RESCHEDULED TO AUGUST 27
Eileen Gray has received widespread acclaim as one of the most accomplished woman designers of the twentieth century and one of the few women to practice architecture in France between the World Wars. Yet, despite her fame that largely came posthumously, Gray’s career, and in particular the legitimacy of her independent work as an architect, has endured extensive scrutiny.

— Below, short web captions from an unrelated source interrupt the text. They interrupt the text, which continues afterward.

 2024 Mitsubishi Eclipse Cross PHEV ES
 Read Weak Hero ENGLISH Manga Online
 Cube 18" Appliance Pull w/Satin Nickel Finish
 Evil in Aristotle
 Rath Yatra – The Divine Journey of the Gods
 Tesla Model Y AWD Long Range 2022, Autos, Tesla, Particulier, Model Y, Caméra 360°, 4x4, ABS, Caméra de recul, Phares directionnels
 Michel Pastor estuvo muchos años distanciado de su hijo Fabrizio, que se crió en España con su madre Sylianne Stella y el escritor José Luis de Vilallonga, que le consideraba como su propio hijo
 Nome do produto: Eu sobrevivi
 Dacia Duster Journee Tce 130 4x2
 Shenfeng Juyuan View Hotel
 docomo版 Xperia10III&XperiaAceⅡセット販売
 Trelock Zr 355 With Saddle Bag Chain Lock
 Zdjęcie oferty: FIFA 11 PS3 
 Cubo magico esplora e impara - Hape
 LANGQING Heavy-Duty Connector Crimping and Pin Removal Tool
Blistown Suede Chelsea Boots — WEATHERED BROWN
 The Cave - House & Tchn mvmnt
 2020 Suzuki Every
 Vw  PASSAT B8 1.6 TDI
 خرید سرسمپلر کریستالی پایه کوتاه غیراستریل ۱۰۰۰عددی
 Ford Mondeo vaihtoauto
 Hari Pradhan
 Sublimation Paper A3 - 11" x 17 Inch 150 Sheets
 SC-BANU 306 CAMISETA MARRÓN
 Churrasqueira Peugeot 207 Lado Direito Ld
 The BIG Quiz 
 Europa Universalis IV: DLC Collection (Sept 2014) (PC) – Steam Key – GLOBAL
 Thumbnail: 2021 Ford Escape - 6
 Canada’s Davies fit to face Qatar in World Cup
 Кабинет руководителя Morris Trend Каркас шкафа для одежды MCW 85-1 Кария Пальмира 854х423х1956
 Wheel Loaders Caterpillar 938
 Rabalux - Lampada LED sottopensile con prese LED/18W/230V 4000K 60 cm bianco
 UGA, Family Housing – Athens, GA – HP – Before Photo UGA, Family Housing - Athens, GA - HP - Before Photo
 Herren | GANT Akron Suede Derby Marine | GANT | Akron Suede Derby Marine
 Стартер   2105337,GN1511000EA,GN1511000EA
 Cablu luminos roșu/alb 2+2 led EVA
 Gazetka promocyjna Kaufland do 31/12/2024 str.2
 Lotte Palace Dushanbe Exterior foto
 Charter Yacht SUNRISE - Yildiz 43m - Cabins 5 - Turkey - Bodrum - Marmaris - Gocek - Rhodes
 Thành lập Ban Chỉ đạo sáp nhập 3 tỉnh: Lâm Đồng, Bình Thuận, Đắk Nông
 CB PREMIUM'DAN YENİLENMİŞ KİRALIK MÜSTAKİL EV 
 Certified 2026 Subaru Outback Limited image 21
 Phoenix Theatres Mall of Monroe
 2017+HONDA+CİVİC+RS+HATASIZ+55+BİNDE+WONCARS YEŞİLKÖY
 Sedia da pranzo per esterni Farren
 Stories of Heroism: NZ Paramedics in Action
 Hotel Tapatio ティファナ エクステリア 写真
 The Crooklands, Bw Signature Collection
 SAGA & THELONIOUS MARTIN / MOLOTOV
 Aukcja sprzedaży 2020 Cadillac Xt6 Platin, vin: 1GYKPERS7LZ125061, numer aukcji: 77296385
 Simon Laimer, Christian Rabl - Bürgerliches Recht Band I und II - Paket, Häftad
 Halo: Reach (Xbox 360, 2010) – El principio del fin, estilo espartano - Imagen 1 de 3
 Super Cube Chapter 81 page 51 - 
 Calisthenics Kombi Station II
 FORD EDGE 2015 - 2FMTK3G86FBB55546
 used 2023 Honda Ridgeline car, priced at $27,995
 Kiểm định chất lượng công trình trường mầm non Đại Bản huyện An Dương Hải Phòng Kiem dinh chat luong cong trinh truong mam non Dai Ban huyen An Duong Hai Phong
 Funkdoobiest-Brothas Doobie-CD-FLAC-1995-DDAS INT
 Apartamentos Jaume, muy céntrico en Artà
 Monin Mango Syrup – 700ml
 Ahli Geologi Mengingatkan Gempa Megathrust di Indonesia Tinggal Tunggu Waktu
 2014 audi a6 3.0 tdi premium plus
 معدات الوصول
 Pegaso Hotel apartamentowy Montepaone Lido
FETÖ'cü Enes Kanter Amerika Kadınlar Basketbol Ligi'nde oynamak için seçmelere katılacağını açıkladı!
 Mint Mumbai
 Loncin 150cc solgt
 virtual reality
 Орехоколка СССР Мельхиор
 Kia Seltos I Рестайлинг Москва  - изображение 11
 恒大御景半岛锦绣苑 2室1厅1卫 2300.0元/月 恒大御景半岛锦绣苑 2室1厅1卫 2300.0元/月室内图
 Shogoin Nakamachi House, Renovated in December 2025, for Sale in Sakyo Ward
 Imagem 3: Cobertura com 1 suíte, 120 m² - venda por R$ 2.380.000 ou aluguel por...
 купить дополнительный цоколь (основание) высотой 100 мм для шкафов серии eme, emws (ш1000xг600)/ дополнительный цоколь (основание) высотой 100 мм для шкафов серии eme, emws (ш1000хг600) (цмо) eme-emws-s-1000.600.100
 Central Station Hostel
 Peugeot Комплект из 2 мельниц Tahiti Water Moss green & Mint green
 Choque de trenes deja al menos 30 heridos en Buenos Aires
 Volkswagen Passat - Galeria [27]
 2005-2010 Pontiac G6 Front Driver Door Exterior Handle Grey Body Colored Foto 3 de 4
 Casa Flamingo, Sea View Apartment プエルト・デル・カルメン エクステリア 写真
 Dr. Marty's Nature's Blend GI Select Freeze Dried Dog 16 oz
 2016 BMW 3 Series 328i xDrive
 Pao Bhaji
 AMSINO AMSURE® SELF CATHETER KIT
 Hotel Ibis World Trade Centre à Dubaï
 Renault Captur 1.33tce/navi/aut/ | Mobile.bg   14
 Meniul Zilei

In our second webinar in this series about Gray, Cloé Pitiot and Nina Stritzler-Levine, the co-organizers of the exhibition Eileen Gray at the Bard Graduate Center, will explicate and respond to the prevailing issues surrounding Gray and architecture. They will discuss the exhibition’s presentation of Gray as an architect and share their thoughts on the challenges associated with resolving some of the unanswered questions about her work. Among the most important of these issues is distinguishing the specific creative roles Gray and Romanian architect Jean Badovici each played in their collaborative projects which include E 1027 and the lesser-known residences at Vézelay, an artist community outside Paris. The discussion will also consider Tempe a Pailla and Lou Pérou, the houses Gray designed for herself in the south of France, as well as the unrealized modern and vernacular projects of the 1930s and late 1940s.
Please register here, and the zoom link will be emailed to you one day prior to the event.
Meet the Speakers:
Cloé Pitiot is the curator of Art nouveau, Art déco, and modern and contemporary design at the Musée des Arts Décoratifs, Paris. Prior to that role she served as curator of design at the Centre Pompidou. In 2013, she curated Eileen Gray at Centre Pompidou and Eileen Gray: Architect Designer Painter at the Irish Museum of Modern Art. In 2016, she directed Pierre Paulin at Centre Pompidou. In 2017, she opened Éloge de la couleur at La Piscine in Roubaix and Eileen Gray, une architecture de l’intime in Cap Moderne near the Villa E 1027 in Roquebrune-Cap-Martin. Her 2018 exhibition Modern Couples at Pompidou Metz will travel to London in October. She has taught at the Ensci and at the University of Paris 1 Panthéon-Sorbonne, holds a PhD in the History of Contemporary Architecture from the University of Paris 1 Panthéon-Sorbonne, and is a government-certified (DPLG) architect.